Une question d’engagement

Ashfaq Saleem Mirza says there are two major martyrs in South Asia, Bhagat Singh and Hassan Nasir. They gave their lives fighting against tyrannical rulers. “But their sacrifices could not bring any major changes in the socio-economic lives of the people of the subcontinent” (Suggestions for Discourse, p. 126).

Oh well. Relationship between individual actions and broader development is complex.

“Bahot mushkil hai dunya
ka sanwarna,
Teri zulfon ka pech-o-kham nahin hai.”

Still the individual’s action may have a logic in itself. It indicates the general direction of history.

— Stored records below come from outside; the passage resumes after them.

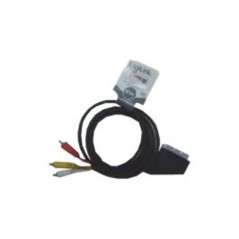 LogiLink Scart Cable Video/audiokabel 2m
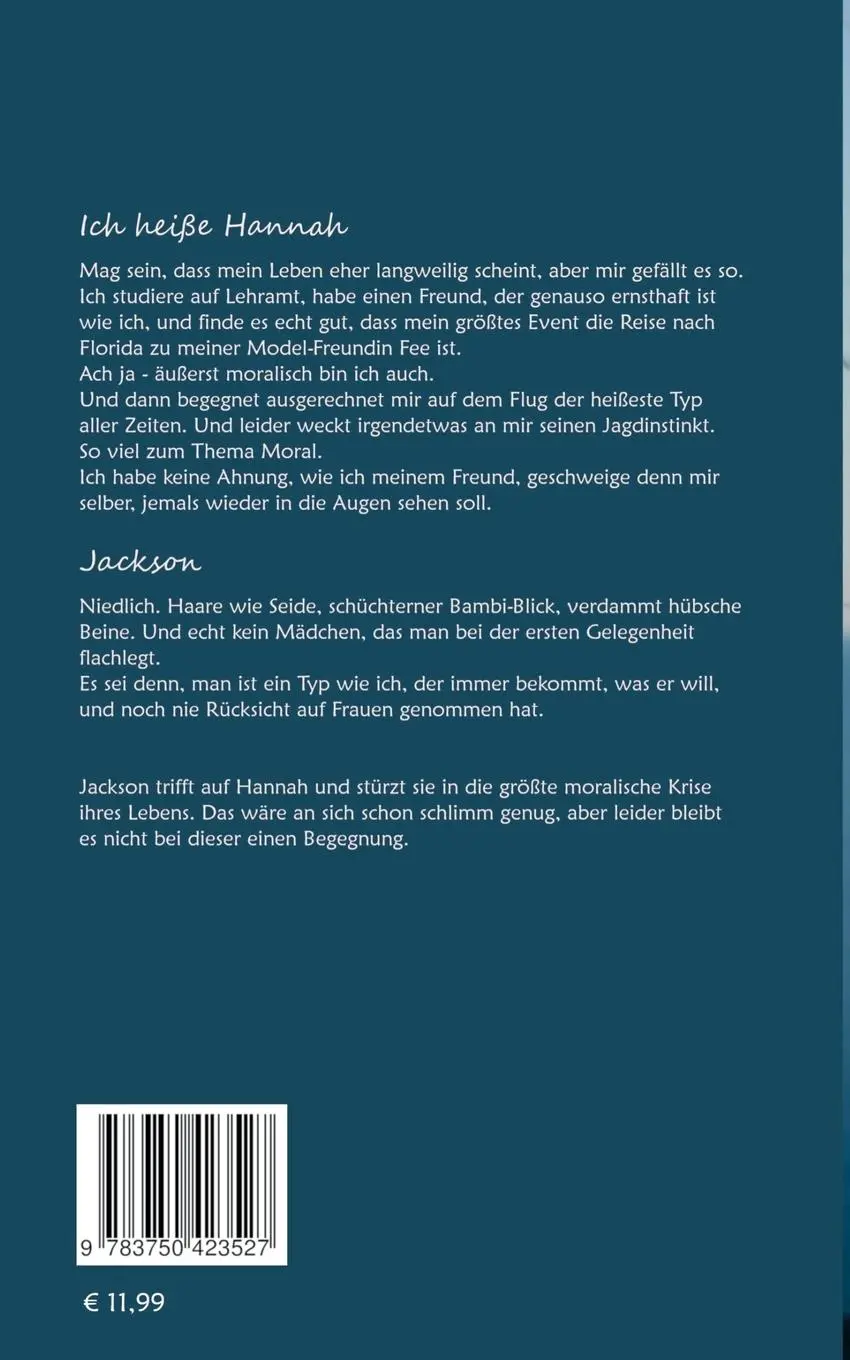 Rückseite: 9783750423527 | Fawn | Hannah &amp; Jackson | Leslie Delhaes | Taschenbuch | 352 S. | 2019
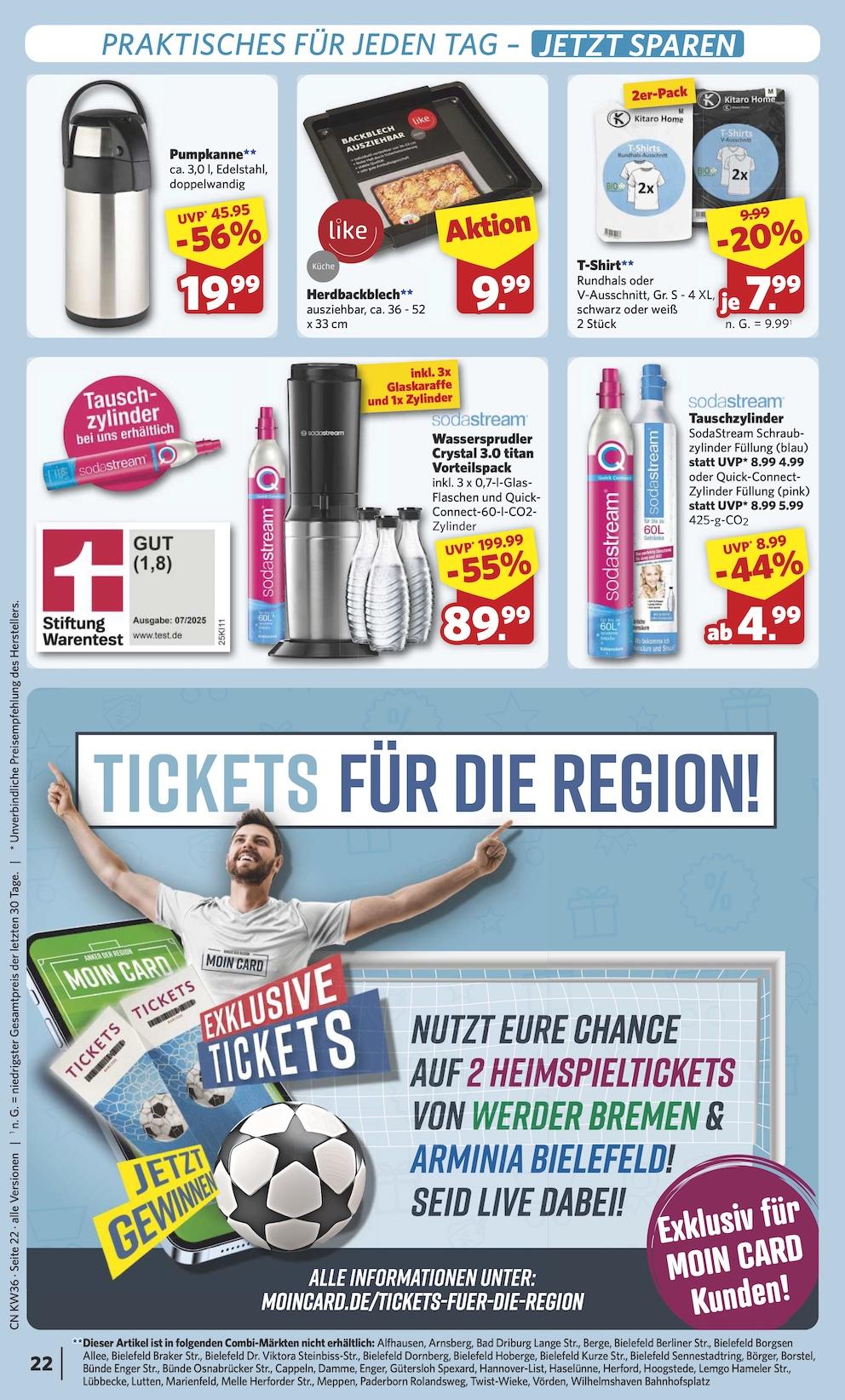Combi Aktueller Prospekt ab Montag Seite 30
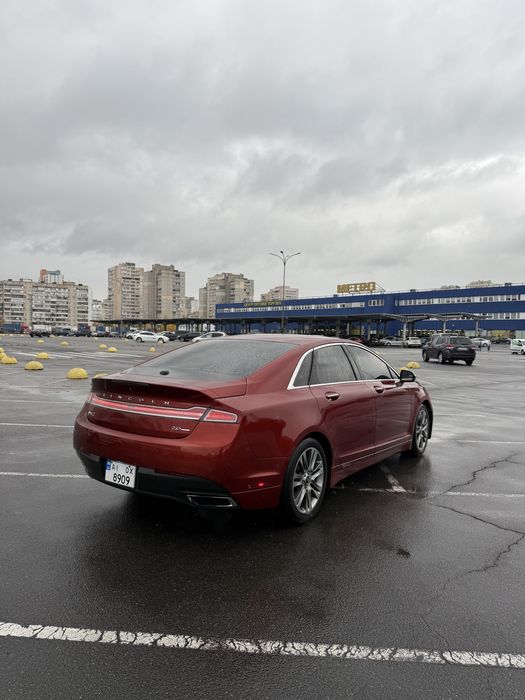 Линкольн мкз 72мили пробега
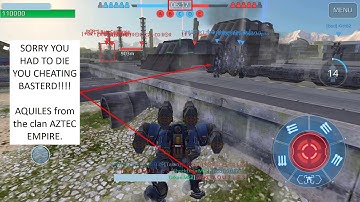 War Robots STEALTH CHEATER - AQUILES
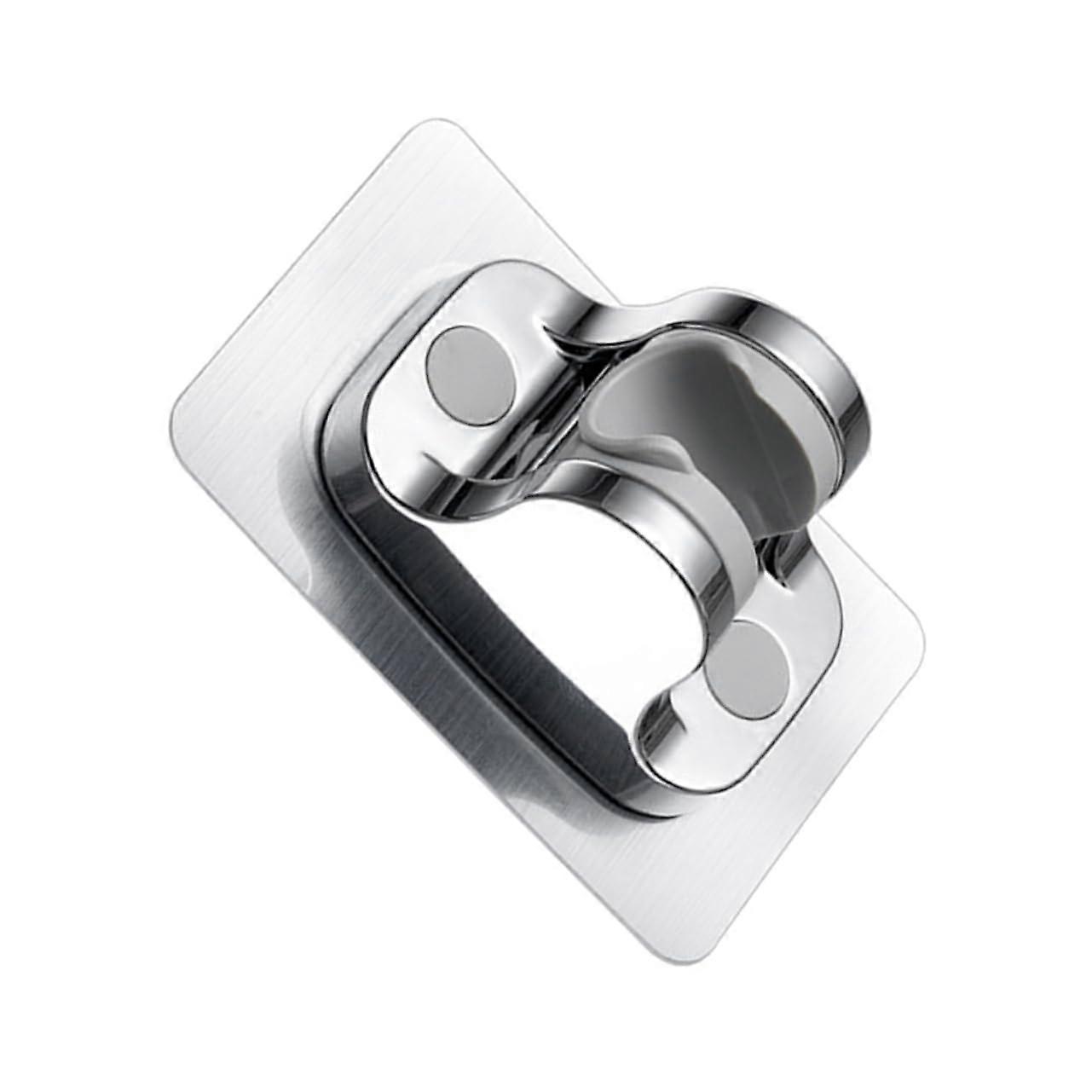 Adjustable Shower Head Holder No Drilling Universal Showerhead Mount for Bathroom Rotatable Shower Bracket Easy Installation Stable and Practical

“Jaanta hoon kay nasheman nahin baaqi sayyaad,
Phir bhi ek lutf khalish-e-hasrat-e-parvaaz mein hai.”

After all, there is something in what Sartre made a practical question with his concept of “engagement” or commitment. I cannot forget the crowd of young men and women visiting the house where Trotsky lived in Mexico and where he is buried. They could not possibly have witnessed the days of the Fourth International. But they still pay homage to the commitment of a man, hunted and hounded by a great power and a worldwide movement; and still hurling defiance at a ruler who termed himself a “genius revolutionary”, but set bands of assassins to kill that one man. Guevara’s tomb at Havana inspires the same respect.
Bhagat Singh, our benefactor, our “mohsin”, had not been given his due place in our history because we had a tendency to separate our struggle for independence from that of India and were not certain of Bhagat’s place in it. I think there is greater clarity of thought now and Bhagat is getting his due place.
Hassan Nasir’s struggle was for social emancipation and we were not entirely clear about its significance, because, as Ashfaq Mirza says: “In an underdeveloped country like Pakistan, where the literacy rate is less than 40 percent, most of the people are not aware of their ideological identity” (p. 145).
Any interpretation of the broad sweep of history is often distorted by the details. And there logic takes over to fill the gaps. Ancient Indians did not write history. Perhaps, they were right. Where time is circular, there is no need to chronicle the sequence of events. Therefore, the poor modern historians have to depend on ancient coins, study surviving buildings etc to guess what happened. But some things are just not known. There logic takes over.
If a prince conquered an area and began taxing the land instead of the produce of the land, the net result, over a period of 50 years or so, would be a higher rate of exploitation. The next step is a permanent rise in the general rate of exploitation. That would entail its own consequences. The volume of investible surplus goes down. Foreign trade falls. Process of class differentiation slows down. The result can only be decline in the volume of tribute from the primary producer and the advent of military feudalism.
Here the narrative following the imposition of tax on land is driven mainly by logic to arrive at military feudalism.
I am not supporting Karl Popper’s critique of historicism. The question is not whether historicism “changes” anything. When Marx says, “philosophers have hitherto explained the world in various ways. The point, however, is to change it”, he only says that the knowledge of how the world works does not suffice. It must lead to action to solve the mankind’s problem. To compare that with a pure study of the laws of history is unscientific. Kant says: “But it is wisdom that has the merit of selecting, from among the innumerable problems which present themselves, those whose selection is important to mankind.” I think Marx is more precise, the mankind sets before itself only those problems which it can solve.